Step 3 — Relevance scoring

Read references/prompt-relevance-scoring.md.
Score each article 1–10 on title + abstract; keep those at ≥ 7. Write the
surviving entries (with doi, pmid, title at minimum) to shortlist.json.

For large result sets, score in independent batches of 20–50 articles. These
batches may be run in parallel or through a provider batch-inference API
because the relevance-scoring prompt scores each article independently. Merge
the batch outputs only after every chunk returns, then apply the score
threshold.

Step 4 — Attempt OA PDF acquisition

python3 "$SKILL_DIR/scripts/download_pdf.py" \
    --shortlist shortlist.json \
    --output-dir pdfs \
    --workers 1 \
    --pretty
  • One subfolder per DOI under pdfs/, containing paper.pdf only when a
    compliant OA route actually yields a valid PDF.
  • The downloader tries, in order: Europe PMC direct PDF for OA PMC records,
    PMC's official OA service / OA package route for OA-subset PMC records, and
    then other Unpaywall-reported OA PDF locations.
  • pdfs/download_log.json records every attempt with status
    (ok / failed / skipped_existing).
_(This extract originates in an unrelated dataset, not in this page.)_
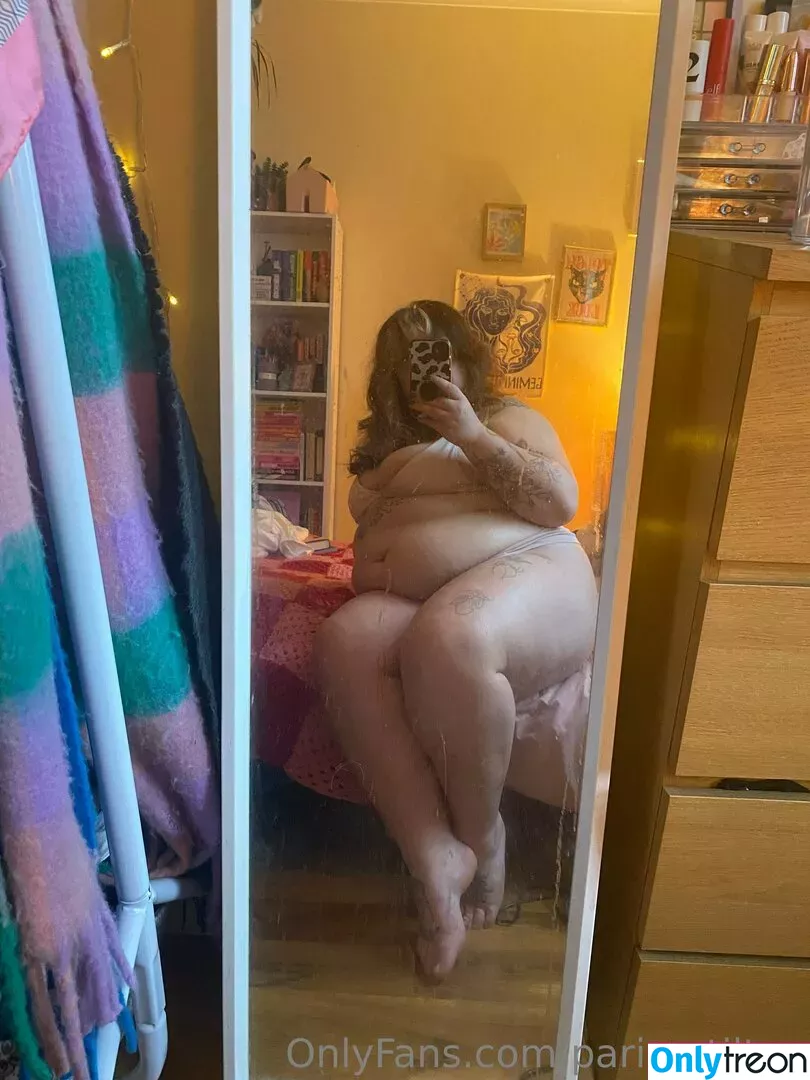 paris_stilton nude photo #0029 (paris_stilton_)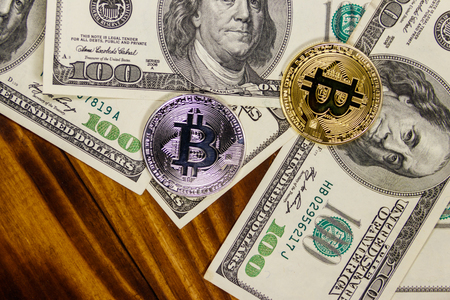 比特币钱包在哪里打开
Cite this file from Appendix B of
    the final report.
  • Reruns are cheap: existing paper.pdf files are skipped unless
    --redownload is passed.
  • --workers N enables modest concurrent download attempts for large
    shortlists. Keep N small (for example 2–4) because Europe PMC, PMC, and
    Unpaywall are public services; the default remains sequential.
  • status: failed means none of the compliant strategies produced a valid
    downloadable PDF. This includes PMC cases where a paper is visible on a PMC
    webpage but is not in the official PMC OA subset.
  • This step is an attempted acquisition, not a guarantee. Some OA
    locations still fail because the returned content is an HTML interstitial,
    an access-denied page, or another non-PDF response.

Step 5 — Extract, validate, render, and compose the report

5a.0. Choose an extraction budget (interactive)
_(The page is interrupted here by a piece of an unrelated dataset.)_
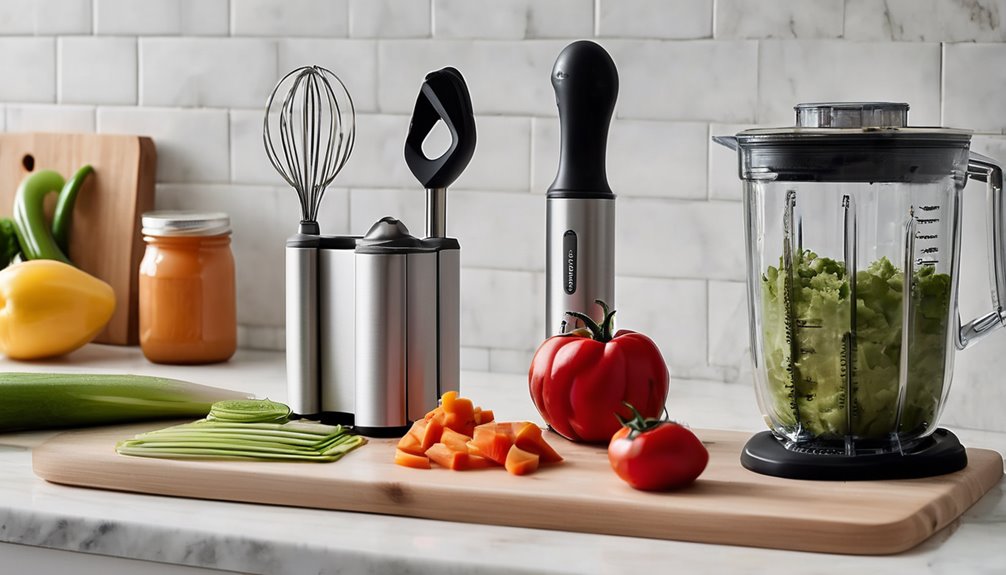 efficiency through durable multi tools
Step 5a is the most expensive stage in the pipeline: each PDF drives a full
structure-extraction run. Not every shortlisted paper is downloadable, so the
real extraction universe is the intersection of the shortlist with the
successfully acquired PDFs
— a number that is only known at runtime.

Before invoking the structure-extraction prompt, rank that intersection by
relevance score and confirm a budget with the user:

python3 "$SKILL_DIR/scripts/rank_downloaded.py" \
    --shortlist shortlist.json \
    --download-log pdfs/download_log.json \
    --pubmed-results pubmed_results.json \
    --pretty > ranked_downloaded.json

The script joins the three files on DOI, keeps only papers whose
download_log.json status is ok or skipped_existing, and sorts
descending by relevance score with publication date as the tie-breaker
(newer first — newer structures are more likely to be novel relative to
the known-warhead database).

rank_downloaded.py writes a machine-readable ranking to stdout and a
human-readable summary to stderr that looks like:

Step 4 → Step 5a bridge
Shortlisted (relevance-scoring):  126
Successfully downloaded:  46
Ranked candidates:        46
Score distribution of downloaded & ranked pool:
     score 10: 4
     score  9: 8
     score  8: 12
     score  7: 22

Present these numbers to the user and ask how many PDFs to extract. A
reasonable default is the top 10 by score, but this is a decision the
caller should make with full visibility of the actual download yield —
do not silently default to "extract everything" when the downloaded
pool is large, and do not silently extract fewer than the user expects
when it is small.

Once the budget K is confirmed, pass --top-k K to
rank_downloaded.py to produce the final target list, then feed only
those K PDFs into the structure-extraction loop below.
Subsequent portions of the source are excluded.